Since he first stepped onto the ice for Philadelphia in 1992, Lindros has been knocking on the door of the elite class of NHL players, and now he appears ready to kick his way in. His reckless, slam-dancing style has too often left him injured or watching from the penalty box, but at age 24 and finishing his fifth year in the league, Lindros may at last take the next step. At week's end he was tied for second in scoring in these playoffs with 11 goals and 12 assists, and he is healthy heading into the finals. The 6'4", 236-pound Lindros has long been viewed as a player who has it all—size, speed, skill and a mean streak so wide that it probably has its own locker—but without a championship ring, the package is never complete. "There's no doubt that Eric is on his way," says Philadelphia defenseman Paul Coffey, who has four Stanley Cup rings from his days with the Edmonton Oilers and the Pittsburgh Penguins. "But you've got to get that ring on your finger before your name goes up there with those other guys."

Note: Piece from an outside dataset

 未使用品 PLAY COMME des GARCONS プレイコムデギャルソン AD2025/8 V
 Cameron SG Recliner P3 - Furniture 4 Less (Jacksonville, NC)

Those other guys, of course, are the three premier players of this generation: Messier, Wayne Gretzky and Mario Lemieux. Fittingly, all three were eliminated from '96-97 Stanley Cup play by Lindros's Flyers. When Philadelphia knocked out the Penguins in five games in the first round, Lemieux pulled Lindros aside on the ice after the final game. "I told him it was his time," says Lemieux, who retired after the series. "That team can win the Stanley Cup."
Lemieux was in his seventh year in the league when he won his first Cup; Gretzky and Messier were in their fifth seasons with the Oilers when they won theirs. It looks like Lindros's time is now. After steamrollering the Buffalo Sabres in five games in the second round, the Flyers met up with the Rangers, a rivalry that was one of the hottest in sports long before Lindros arrived. All he did was crank up the thermostat about a thousand degrees. Don King and Bob Arum would sell their souls, if they had souls, for the kind of theater Lindros brought to this matchup.
After he refused to play for the Quebec Nordiques, who had selected him with the first pick in the '91 draft, Lindros was the subject of a bidding war between the Flyers and the Rangers, both of whom made overwhelming offers to Quebec for his rights. Both thought they had a deal with the Nordiques, who relocated before the 1995-96 season and are now the Colorado Avalanche. It took an arbitrator's ruling to deliver Lindros to Philadelphia, and five years later the trade still provides hockey fans with some of their best barroom debates. The Flyers gave up six players (including Peter Forsberg), two first-round draft picks and $15 million—and last spring the Avalanche won the Stanley Cup. The Hockey News recently ran a story that claimed Forsberg alone is better than Lindros.
The Flyers, however, are not looking for a refund. Although they are making their first trip to the finals with Lindros, they have a new $210 million arena and probably can pay Lindros's $4.2 million salary with the profits from the orange-and-black number-88 jerseys that blanket the region. Lindros has returned a kind of macho, red-meat aura to the team once known as the Broad Street Bullies. It seems the chip he wears on his shoulder is big enough to share with his teammates as well as the entire city.